WORK INSTRUCTION: Word for word, restate the records that come next, omitting the images.

INFORMATION SHOWN:
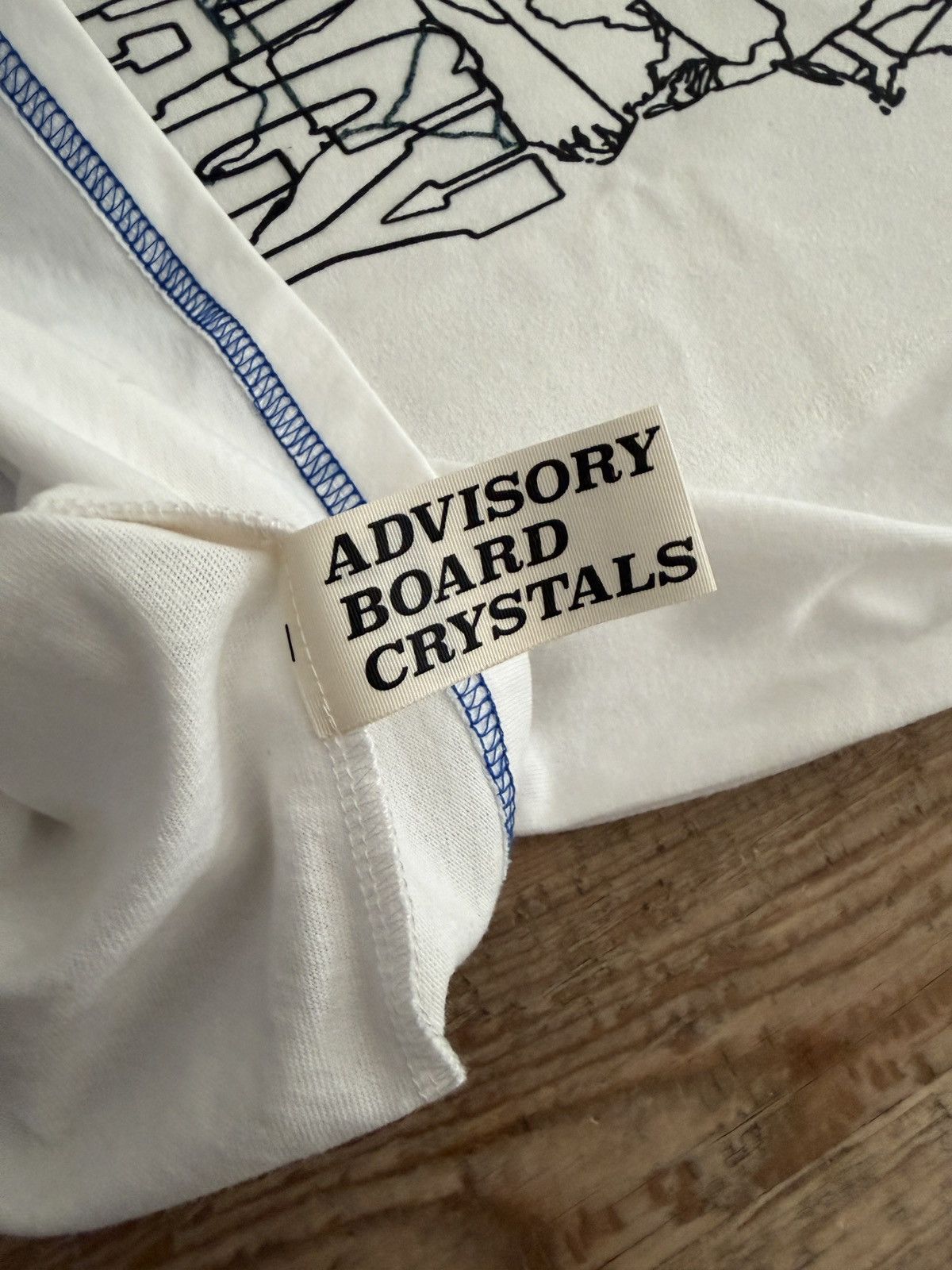 Advisory Board Crystals Advisory Board Crystals Election Open Your Eyes Tee Size US L / EU 52-54 / 3 - 7 Thumbnail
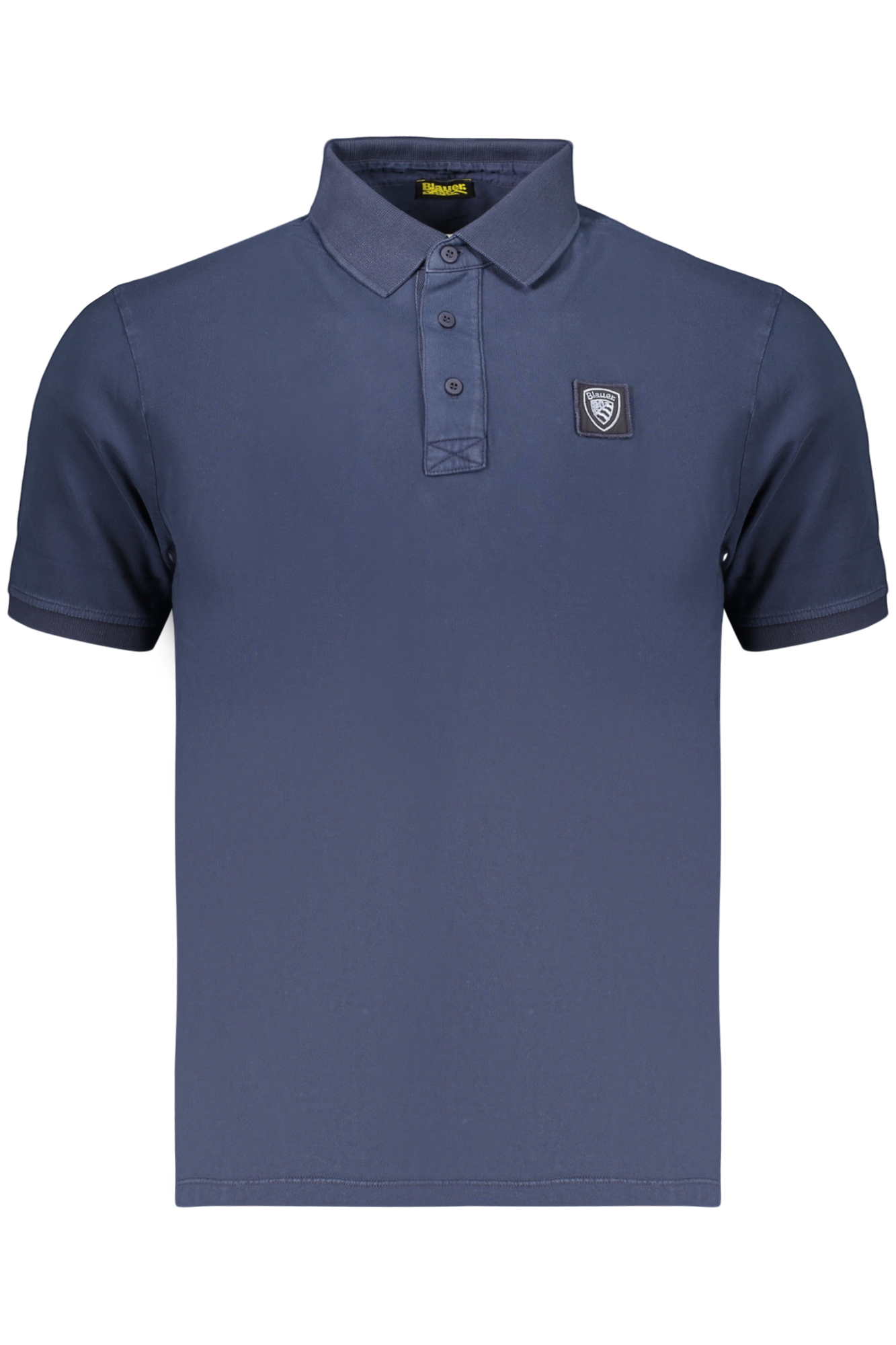 BLAUER APPAREL MEN'S SHORT-SLEEVE POLO SHIRT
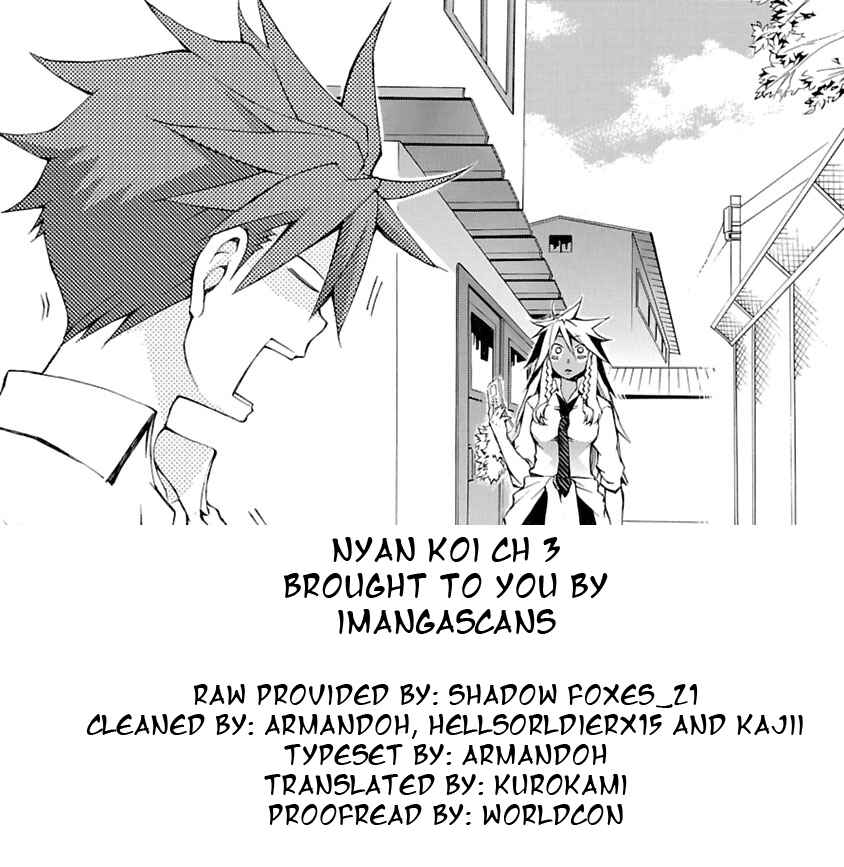 Page 25 Chapter 3 Nyan Koi!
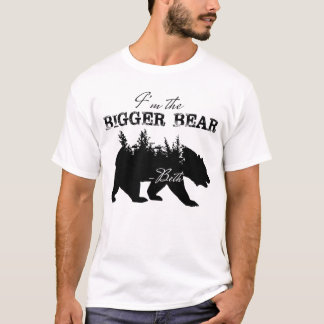 Camiseta Eu sou o maior urso 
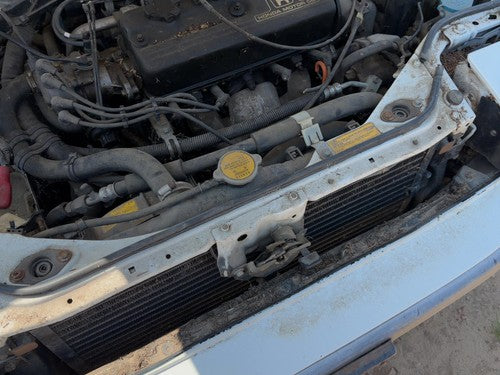 89 Honda Accord LX Pair of Upper Radiator Support Motor Mounts with Brackets OEM
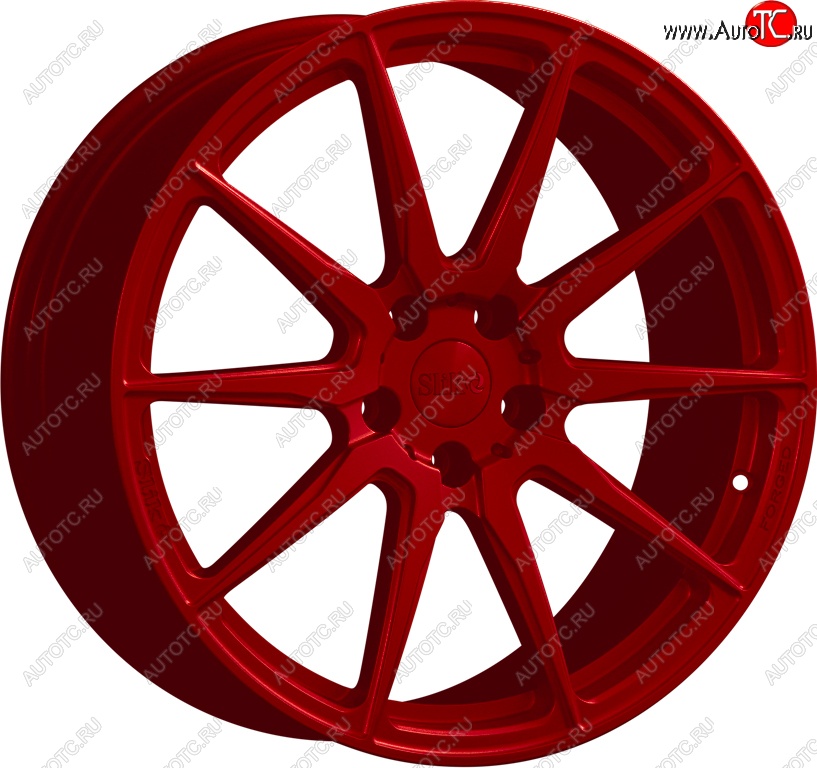 44 999 р. Кованый диск Slik PREMIUM L-915 9.0x19   (Красный (RED))  с доставкой в г. Керчь
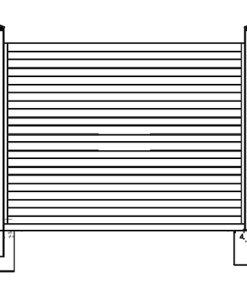 Xtrutech: Horizontal Board Aluminum Fence Performance Evaluation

TASK SOLUTION:
 Advisory Board Crystals Advisory Board Crystals Election Open Your Eyes Tee Size US L / EU 52-54 / 3 - 7 Thumbnail
 BLAUER APPAREL MEN'S SHORT-SLEEVE POLO SHIRT
 Page 25 Chapter 3 Nyan Koi!
 Camiseta Eu sou o maior urso 
 89 Honda Accord LX Pair of Upper Radiator Support Motor Mounts with Brackets OEM
 44 999 р. Кованый диск Slik PREMIUM L-915 9.0x19   (Красный (RED))  с доставкой в г. Керчь
 Xtrutech: Horizontal Board Aluminum Fence Performance Evaluation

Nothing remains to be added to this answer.